36 Mechanic Street is an 18’ x 36’ 2 story block with a 12” x 14” single-story ell attached. It’s narrow and deep with a gable end to the street and the entry in the center of the long side. It’s a simple form that we see plenty of throughout the city. It spans decades and was easily adapted to the architectural style du jour. In our case, the style was Greek Revival as marked by the paneled corner boards and lightly dentiled architrave.
William H Stewart was a carpenter’s apprentice when he purchased the property for our subject from Pitman Morgan in March of 1851. He had married Abby Brown of Portland in 1848 and they had an 18-month-old daughter, Emeretta when they made the purchase. By 1853 the house was complete and William and family were living there with his brother Timothy. Living across the street from the Stewarts at # 9 Mechanic was a family named Trowbridge.
The history of the Trowbridge family in the US goes back to the 1630s and Thomas Trowbridge. Thomas was a respected member of the community in New Haven CT as seen by his memorial in the crypt of the historic Church on the Green in that city. As with many old New England families, the ensuing 2 centuries would see involvement in wars and revivals and an outward growth from the early coastal settlements into the hinterlands of the region.
Elisha Trowbridge was a 4th generation descendant of Thomas and was born in Newton Mass in 1797. He married Margaret Stimpson in 1822 and settled in Portland that same year. Their first child, Edward Robbins, was born in 1823. They had 6 more children by 1837. Elisha worked as a tallow chandler making and selling candles with Rufus Horton then on his own in a facility on Portland Street. In 1831 he purchased a lot on the newly laid out Mechanic Street for $150 and built a house for his family.

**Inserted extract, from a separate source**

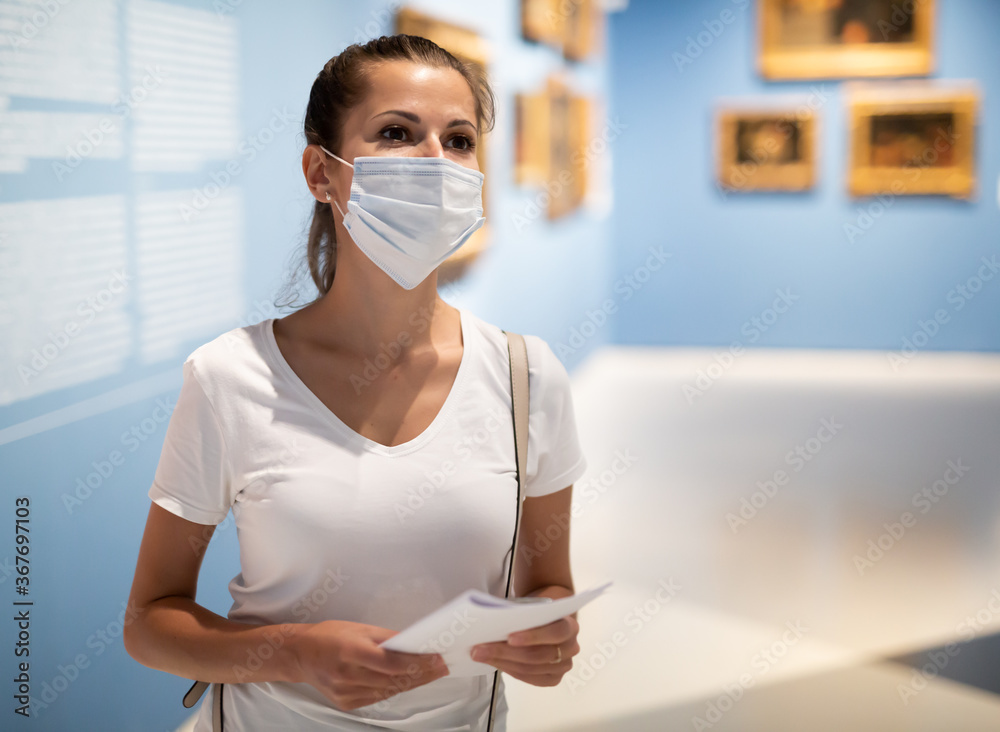 Young woman wearing face mask observing artworks in museum, new normal due to coronavirus outbreak - obrazy, fototapety, plakaty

It was in the house at 9 Mechanic, long since removed, that Edward grew up and married Betsey Ilsley in September of 1853. Betsey was some 6 or 7 months pregnant at the time as Elizabeth Mary “Lizzie” Trowbridge was born on November 16th of the same year. The Trowbridge family history, available at Google Books, states that Lizzie was not Edward’s child but he adopted her. The official records list Edward as the father. 1853 was also the year Elisha and Edward formed ET Trowbridge and Son.
Edward purchased 36, then 16, Mechanic Street from William Stewart in August of 1856. The family would remain there through Edward’s death, of an unknown reason, in 1870. Along the way, Edward’s brother George would die of illness contracted while a confederate prisoner of war. After Edward’s death, Elisha sold the family business and retired from what had been a very active public life. He died of a broken heart they said in 1880.

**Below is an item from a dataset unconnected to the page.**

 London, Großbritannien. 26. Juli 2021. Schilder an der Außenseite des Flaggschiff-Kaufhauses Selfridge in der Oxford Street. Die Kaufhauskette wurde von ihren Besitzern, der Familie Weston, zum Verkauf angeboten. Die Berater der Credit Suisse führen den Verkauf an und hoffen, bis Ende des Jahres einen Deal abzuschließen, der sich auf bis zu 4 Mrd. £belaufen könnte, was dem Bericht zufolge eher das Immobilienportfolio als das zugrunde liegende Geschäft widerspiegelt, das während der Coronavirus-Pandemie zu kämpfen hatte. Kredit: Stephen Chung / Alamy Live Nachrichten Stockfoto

Betsey and Lizzie Trowbridge remained in our subject after Edward’s untimely death in 1870. Lizzie became Mrs. Fenley when she married George Fenley, a typesetter for the Eastern Argus newspaper, in 1877. George had grown up on Myrtle Street with ‘ink in his blood’. His father was a long-time printer in Brown Thurston’s operation on Exchange Street. Betsey transferred ownership in the house to Lizzie in 1887 but remained there until her death in Feb of 1897. Lizzie died in December of the same year leaving the property to George. He sold it to Frank Levecque and his son Paul in 1919. George Fenely died in 1924.
Frank Levecque was born in Portland in 1867 and worked for many years as a coachman for the Doten family who owned a large wholesale grain company on the waterfront and had a house on State Street. He and his wife Sarah had a daughter, Mary, and the aforementioned Paul. Paul worked as a clerk in various retail grocery and dry goods stores in the city. Sarah Levecque died in 1920 and Frank in 1925.
Prior to his death, Frank transferred his ownership in our subject to Mary who had married a carpenter named Edward Delany in 1923. In 1927, Mary and Paul sold the 36 Mechanic Street to Edith Greenhalgh. Edith was a stenographer in a legal office on Exchange Street and lived with her widowed father in Pleasant Avenue. She sold it back to Mary and Edward Delany in 1929. They would raise 6 children on Mechanic Street. The Delaney family owned 36 Mechanic Street until 2003.
36 Mechanic Street is currently listed as a single-family dwelling. Condition is excellent.